Stored data entries:
·····
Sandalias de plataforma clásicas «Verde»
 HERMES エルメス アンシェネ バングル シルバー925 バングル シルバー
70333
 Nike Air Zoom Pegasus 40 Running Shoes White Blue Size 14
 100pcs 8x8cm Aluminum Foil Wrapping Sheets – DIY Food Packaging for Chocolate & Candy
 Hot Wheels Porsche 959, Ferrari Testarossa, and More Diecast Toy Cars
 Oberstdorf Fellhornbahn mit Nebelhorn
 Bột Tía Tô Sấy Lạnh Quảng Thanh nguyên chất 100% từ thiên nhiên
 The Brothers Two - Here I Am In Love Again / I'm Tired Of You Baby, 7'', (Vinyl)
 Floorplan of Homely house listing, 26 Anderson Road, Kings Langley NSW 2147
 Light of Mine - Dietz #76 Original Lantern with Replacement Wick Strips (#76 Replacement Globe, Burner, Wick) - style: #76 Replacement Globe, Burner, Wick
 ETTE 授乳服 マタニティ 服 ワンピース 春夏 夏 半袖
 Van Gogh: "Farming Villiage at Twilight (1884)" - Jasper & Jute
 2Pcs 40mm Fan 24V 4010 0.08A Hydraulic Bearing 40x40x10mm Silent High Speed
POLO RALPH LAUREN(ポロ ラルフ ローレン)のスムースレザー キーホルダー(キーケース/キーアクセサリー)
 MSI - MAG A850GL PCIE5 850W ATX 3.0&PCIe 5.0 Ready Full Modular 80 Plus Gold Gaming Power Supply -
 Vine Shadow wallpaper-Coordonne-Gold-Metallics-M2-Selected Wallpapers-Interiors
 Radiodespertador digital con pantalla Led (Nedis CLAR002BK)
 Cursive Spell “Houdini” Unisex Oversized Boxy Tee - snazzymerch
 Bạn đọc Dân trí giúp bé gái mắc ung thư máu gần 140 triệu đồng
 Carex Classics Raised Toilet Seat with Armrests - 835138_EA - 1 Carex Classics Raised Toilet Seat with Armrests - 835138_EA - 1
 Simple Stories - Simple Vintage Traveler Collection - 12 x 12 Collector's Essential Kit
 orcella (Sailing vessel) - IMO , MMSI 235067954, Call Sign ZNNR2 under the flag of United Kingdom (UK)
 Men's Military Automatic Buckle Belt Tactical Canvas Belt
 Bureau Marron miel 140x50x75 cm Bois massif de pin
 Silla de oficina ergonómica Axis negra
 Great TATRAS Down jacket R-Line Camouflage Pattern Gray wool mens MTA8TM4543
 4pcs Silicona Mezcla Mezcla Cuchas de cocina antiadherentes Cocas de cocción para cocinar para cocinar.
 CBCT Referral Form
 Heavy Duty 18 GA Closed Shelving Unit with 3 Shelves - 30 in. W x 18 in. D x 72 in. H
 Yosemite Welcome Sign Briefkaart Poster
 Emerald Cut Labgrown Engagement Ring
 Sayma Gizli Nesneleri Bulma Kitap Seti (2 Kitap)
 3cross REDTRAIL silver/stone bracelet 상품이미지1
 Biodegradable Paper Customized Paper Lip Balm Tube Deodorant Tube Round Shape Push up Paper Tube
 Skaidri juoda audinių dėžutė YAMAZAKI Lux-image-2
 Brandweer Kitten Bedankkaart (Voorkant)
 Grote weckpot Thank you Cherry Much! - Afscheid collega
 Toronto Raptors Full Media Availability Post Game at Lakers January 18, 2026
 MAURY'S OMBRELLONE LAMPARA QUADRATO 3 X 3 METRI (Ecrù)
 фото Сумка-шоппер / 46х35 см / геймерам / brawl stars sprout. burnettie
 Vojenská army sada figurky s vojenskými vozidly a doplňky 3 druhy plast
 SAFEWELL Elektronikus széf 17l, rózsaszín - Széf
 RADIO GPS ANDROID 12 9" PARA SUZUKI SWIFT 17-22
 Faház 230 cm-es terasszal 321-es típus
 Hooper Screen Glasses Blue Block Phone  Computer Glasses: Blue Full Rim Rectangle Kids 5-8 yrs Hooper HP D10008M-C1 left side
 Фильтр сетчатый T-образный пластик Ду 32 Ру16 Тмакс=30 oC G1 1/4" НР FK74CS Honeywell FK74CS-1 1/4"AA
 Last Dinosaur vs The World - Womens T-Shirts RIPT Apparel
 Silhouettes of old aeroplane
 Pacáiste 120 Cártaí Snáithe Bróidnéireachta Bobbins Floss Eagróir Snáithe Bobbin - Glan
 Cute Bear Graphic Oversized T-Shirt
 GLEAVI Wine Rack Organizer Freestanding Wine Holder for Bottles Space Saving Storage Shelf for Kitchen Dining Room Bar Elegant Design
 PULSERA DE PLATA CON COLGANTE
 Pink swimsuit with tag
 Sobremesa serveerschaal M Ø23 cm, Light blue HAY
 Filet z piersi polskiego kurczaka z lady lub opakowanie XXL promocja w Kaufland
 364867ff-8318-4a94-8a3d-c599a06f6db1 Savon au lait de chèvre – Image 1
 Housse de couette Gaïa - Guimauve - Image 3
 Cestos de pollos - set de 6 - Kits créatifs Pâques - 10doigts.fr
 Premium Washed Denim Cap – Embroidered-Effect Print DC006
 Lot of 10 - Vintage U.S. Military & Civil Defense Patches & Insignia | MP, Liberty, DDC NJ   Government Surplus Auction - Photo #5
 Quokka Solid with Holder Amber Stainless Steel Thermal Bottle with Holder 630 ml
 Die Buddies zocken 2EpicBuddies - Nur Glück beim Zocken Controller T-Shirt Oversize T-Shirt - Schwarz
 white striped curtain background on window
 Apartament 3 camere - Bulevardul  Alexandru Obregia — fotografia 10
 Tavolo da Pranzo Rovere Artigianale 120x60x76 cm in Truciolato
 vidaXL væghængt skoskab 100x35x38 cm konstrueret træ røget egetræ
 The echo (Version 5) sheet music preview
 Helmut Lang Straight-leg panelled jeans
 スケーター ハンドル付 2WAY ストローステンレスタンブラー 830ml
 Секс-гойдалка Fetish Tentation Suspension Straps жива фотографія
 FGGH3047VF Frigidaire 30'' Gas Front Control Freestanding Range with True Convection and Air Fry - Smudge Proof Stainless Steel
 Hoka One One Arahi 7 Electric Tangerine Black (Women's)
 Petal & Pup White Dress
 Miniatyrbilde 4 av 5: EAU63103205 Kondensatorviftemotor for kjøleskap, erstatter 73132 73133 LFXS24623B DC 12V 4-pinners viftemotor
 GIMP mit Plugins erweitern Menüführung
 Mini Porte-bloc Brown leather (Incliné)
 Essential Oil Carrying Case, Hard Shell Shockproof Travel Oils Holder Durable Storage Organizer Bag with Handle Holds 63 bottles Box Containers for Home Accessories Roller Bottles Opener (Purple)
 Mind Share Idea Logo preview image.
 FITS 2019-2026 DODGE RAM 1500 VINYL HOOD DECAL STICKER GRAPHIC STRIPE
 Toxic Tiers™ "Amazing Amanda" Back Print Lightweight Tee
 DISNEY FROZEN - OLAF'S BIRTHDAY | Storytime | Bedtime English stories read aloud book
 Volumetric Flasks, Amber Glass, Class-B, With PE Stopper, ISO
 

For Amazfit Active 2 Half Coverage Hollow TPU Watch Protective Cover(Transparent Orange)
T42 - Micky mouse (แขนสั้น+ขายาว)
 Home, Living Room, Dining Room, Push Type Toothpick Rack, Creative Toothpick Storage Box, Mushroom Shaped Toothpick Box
·····
#### PROBLEM REQUIREMENTS:
Pull every line with the string "Push" from the data above.

#### EXERCISE SOLUTION:
 Biodegradable Paper Customized Paper Lip Balm Tube Deodorant Tube Round Shape Push up Paper Tube
 Home, Living Room, Dining Room, Push Type Toothpick Rack, Creative Toothpick Storage Box, Mushroom Shaped Toothpick Box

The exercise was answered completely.